# DIRECTIONS
Copy out the full listing exactly, omitting any picture it contains.

# INPUT RECORDS
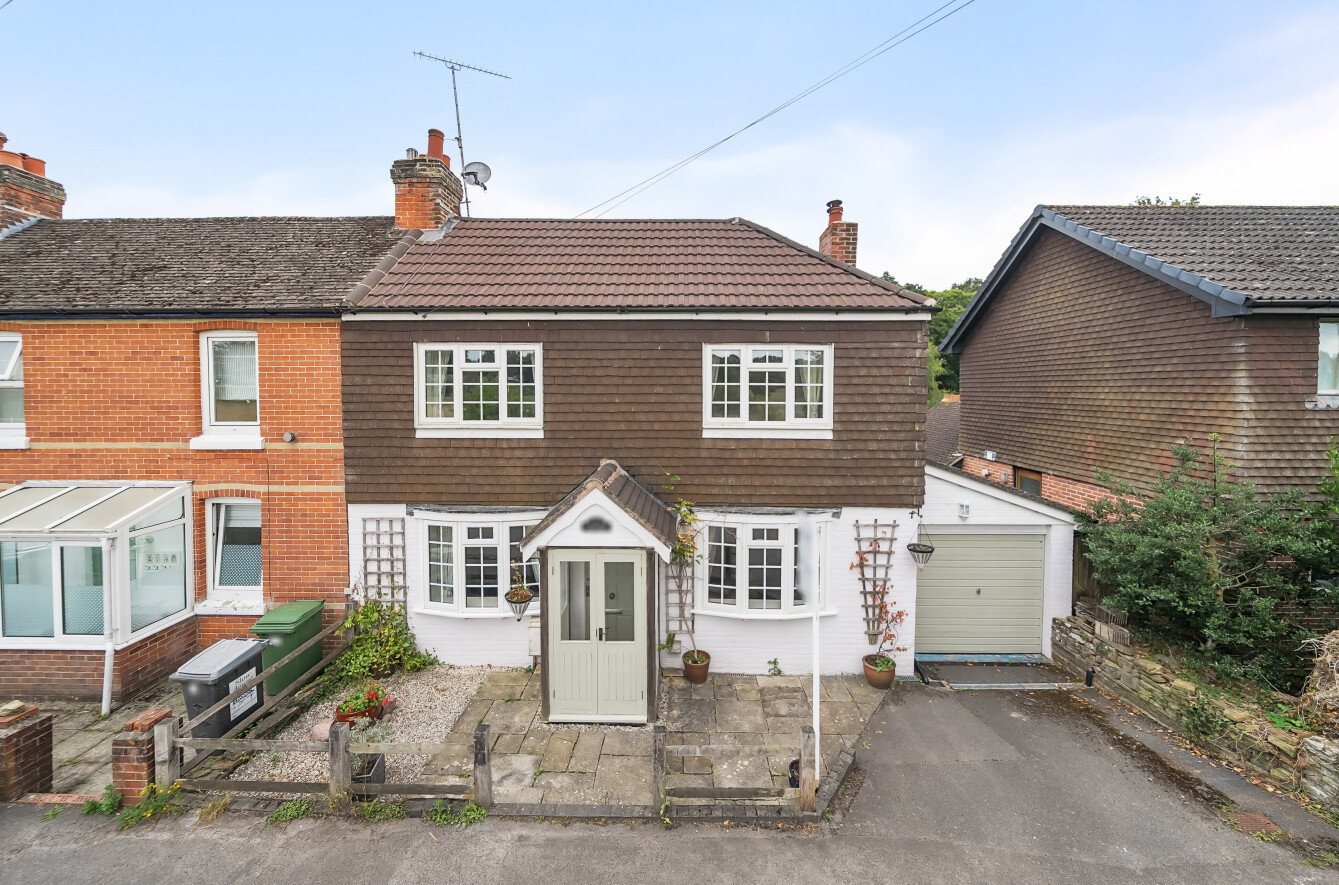 Tanfield Lane, Wickham, Fareham, Hampshire, PO17 - Charters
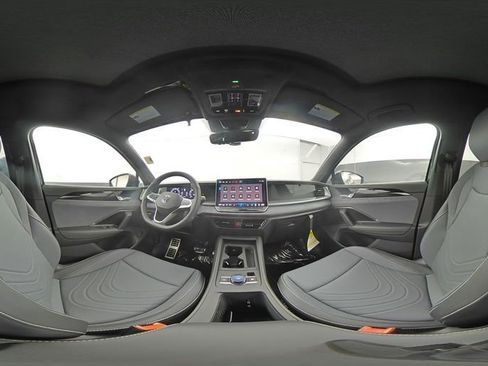 New 2026 Volkswagen Tiguan SE R-Line image 12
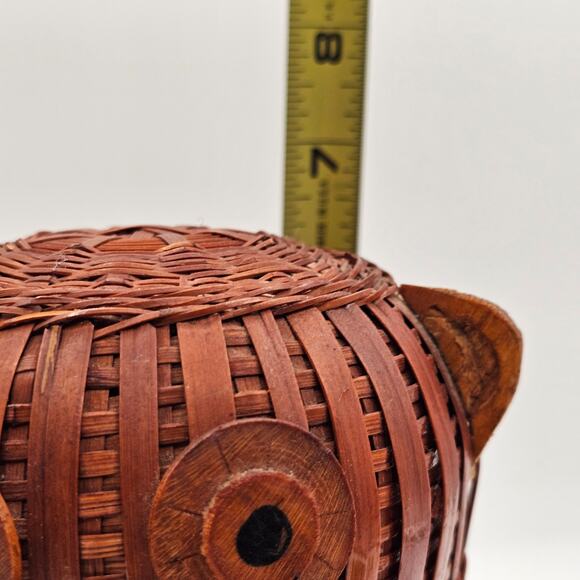 Vintage Owl Basket Figural Planter with Wood Accents, Mid Century Wicker Storage - Picture 6 of 8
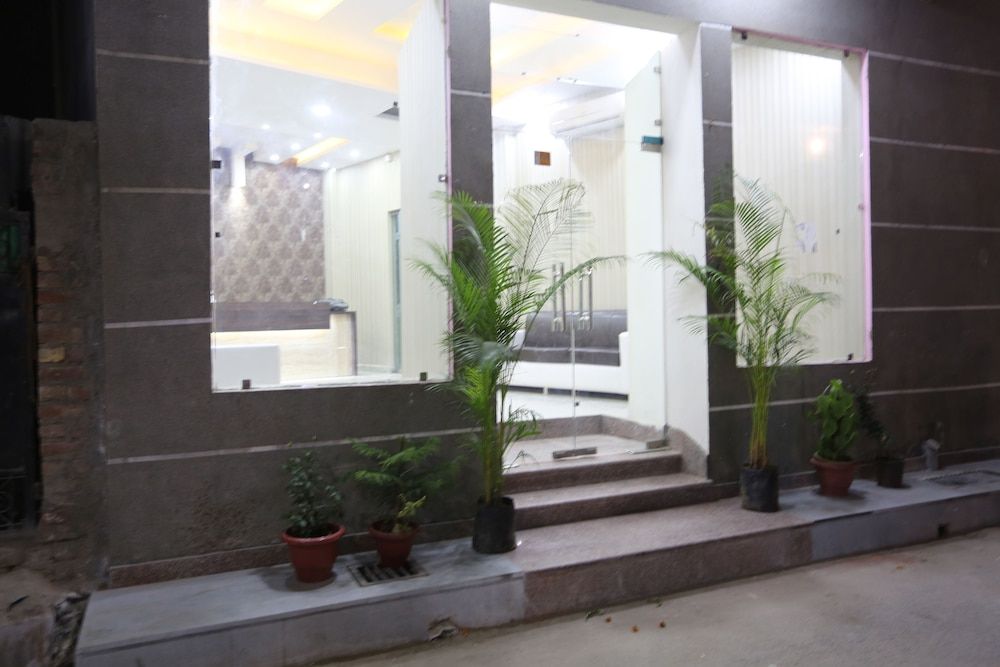Hotel Sinon Suite - last minute hotel in New Delhi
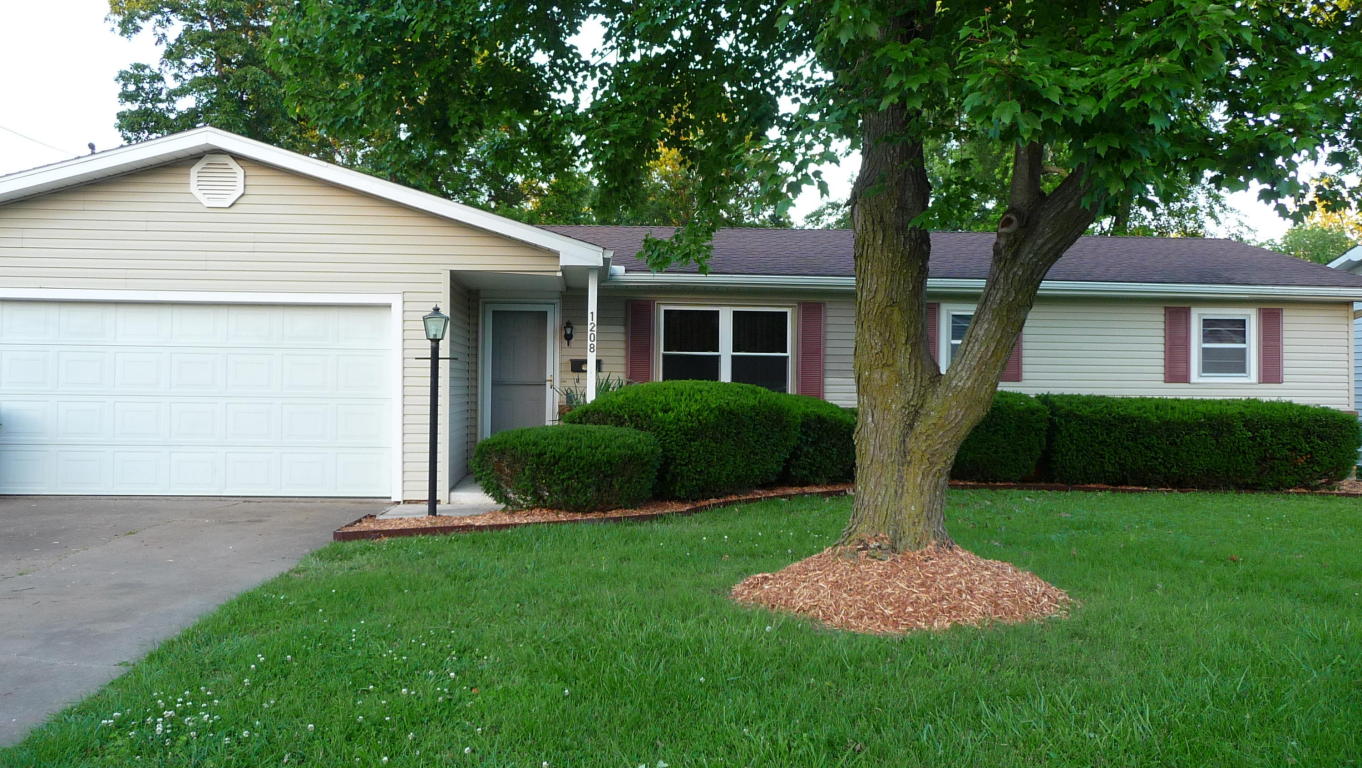 1208 South Airwood Avenue, Springfield, MO 65804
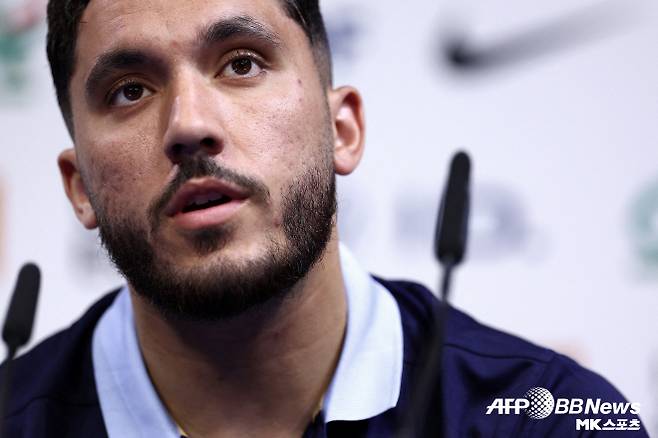 영국 공영방송 ‘BBC’에 따르면 셰르키는 맨시티 입단 후 인터뷰에서 이렇게 말했다. “리옹은 2024-25시즌 유럽축구연맹(UEFA) 유로파리그(UEL) 8강전에서 맨유를 만났다. 나는 맨유와의 UEL 8강 1, 2차전에서 모두 골 맛을 봤다. 하지만, 우린 UEL 준결승으로 향하지 못했다. 나는 그날의 아픔을 잊지 못한다. 맨유에 패했을 때의 감정은 최악이었다. 나는 맨유를 꼭 무너뜨릴 것이다. 물론 다른 경기도 마찬가지다. 나는 모든 경기에서 이기기 위해 맨시티로 왔다.” 사진=AFPBBNews=News1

# RESULT OF THIS EXERCISE
 Tanfield Lane, Wickham, Fareham, Hampshire, PO17 - Charters
 New 2026 Volkswagen Tiguan SE R-Line image 12
 Vintage Owl Basket Figural Planter with Wood Accents, Mid Century Wicker Storage - Picture 6 of 8
Hotel Sinon Suite - last minute hotel in New Delhi
 1208 South Airwood Avenue, Springfield, MO 65804
 영국 공영방송 ‘BBC’에 따르면 셰르키는 맨시티 입단 후 인터뷰에서 이렇게 말했다. “리옹은 2024-25시즌 유럽축구연맹(UEFA) 유로파리그(UEL) 8강전에서 맨유를 만났다. 나는 맨유와의 UEL 8강 1, 2차전에서 모두 골 맛을 봤다. 하지만, 우린 UEL 준결승으로 향하지 못했다. 나는 그날의 아픔을 잊지 못한다. 맨유에 패했을 때의 감정은 최악이었다. 나는 맨유를 꼭 무너뜨릴 것이다. 물론 다른 경기도 마찬가지다. 나는 모든 경기에서 이기기 위해 맨시티로 왔다.” 사진=AFPBBNews=News1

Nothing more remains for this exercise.